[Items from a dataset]
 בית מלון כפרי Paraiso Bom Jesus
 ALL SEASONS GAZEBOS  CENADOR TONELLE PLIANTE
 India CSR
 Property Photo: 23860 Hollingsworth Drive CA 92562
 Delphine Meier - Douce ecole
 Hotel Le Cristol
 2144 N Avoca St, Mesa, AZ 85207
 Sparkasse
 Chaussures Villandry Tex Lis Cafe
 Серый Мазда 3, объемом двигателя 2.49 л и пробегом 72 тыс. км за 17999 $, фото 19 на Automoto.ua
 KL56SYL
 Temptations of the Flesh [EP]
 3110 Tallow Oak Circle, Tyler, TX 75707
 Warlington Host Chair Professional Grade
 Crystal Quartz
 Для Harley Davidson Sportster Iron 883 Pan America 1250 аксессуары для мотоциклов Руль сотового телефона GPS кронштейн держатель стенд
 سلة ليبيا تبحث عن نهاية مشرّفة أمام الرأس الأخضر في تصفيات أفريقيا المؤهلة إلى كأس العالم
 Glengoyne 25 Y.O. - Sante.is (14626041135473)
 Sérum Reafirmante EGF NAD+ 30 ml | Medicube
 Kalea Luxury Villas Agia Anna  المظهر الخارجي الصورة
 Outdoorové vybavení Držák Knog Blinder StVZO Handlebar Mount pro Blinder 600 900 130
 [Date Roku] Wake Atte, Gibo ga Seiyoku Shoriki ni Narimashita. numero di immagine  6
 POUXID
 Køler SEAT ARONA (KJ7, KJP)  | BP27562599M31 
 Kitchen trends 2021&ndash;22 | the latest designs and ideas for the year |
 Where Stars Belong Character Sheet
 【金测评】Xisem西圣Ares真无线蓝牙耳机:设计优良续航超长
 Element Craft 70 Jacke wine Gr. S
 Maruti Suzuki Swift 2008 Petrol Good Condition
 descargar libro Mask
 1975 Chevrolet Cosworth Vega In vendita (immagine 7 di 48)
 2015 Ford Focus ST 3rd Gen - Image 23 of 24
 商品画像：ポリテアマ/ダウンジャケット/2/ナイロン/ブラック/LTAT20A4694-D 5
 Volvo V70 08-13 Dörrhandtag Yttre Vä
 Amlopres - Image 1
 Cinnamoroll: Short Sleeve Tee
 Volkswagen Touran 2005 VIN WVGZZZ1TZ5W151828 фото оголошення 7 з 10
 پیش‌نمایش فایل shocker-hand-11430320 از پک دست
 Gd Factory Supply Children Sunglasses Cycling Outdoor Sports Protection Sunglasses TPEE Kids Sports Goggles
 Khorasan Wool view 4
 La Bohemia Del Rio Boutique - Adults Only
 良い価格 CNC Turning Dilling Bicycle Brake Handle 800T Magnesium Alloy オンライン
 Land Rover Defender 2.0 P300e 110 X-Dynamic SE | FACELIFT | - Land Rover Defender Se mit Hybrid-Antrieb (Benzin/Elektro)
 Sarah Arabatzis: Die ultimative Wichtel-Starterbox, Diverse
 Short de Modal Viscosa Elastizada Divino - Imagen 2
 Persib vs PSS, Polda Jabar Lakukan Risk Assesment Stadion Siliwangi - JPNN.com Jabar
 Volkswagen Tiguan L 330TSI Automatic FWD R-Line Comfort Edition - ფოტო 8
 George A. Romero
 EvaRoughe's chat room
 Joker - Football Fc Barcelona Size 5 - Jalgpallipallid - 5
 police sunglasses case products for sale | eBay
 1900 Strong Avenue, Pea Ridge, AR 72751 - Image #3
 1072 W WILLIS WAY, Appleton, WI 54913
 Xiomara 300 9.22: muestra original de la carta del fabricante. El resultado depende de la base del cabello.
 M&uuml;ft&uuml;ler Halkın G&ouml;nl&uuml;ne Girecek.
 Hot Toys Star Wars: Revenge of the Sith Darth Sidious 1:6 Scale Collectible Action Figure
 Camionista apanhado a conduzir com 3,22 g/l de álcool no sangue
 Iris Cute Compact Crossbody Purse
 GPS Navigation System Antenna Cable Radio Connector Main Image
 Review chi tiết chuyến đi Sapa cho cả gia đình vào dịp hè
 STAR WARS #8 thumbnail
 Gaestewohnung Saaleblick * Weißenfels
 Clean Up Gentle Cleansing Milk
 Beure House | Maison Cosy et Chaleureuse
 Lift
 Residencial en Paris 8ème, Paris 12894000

TASK BRIEF >>
Your output should consist only of the lines from the one containing "Gaestewohnung Saaleblick * Weißenfels" to the end of the records above, each retyped exactly.

FINAL ANSWER >>
 Gaestewohnung Saaleblick * Weißenfels
 Clean Up Gentle Cleansing Milk
 Beure House | Maison Cosy et Chaleureuse
 Lift
 Residencial en Paris 8ème, Paris 12894000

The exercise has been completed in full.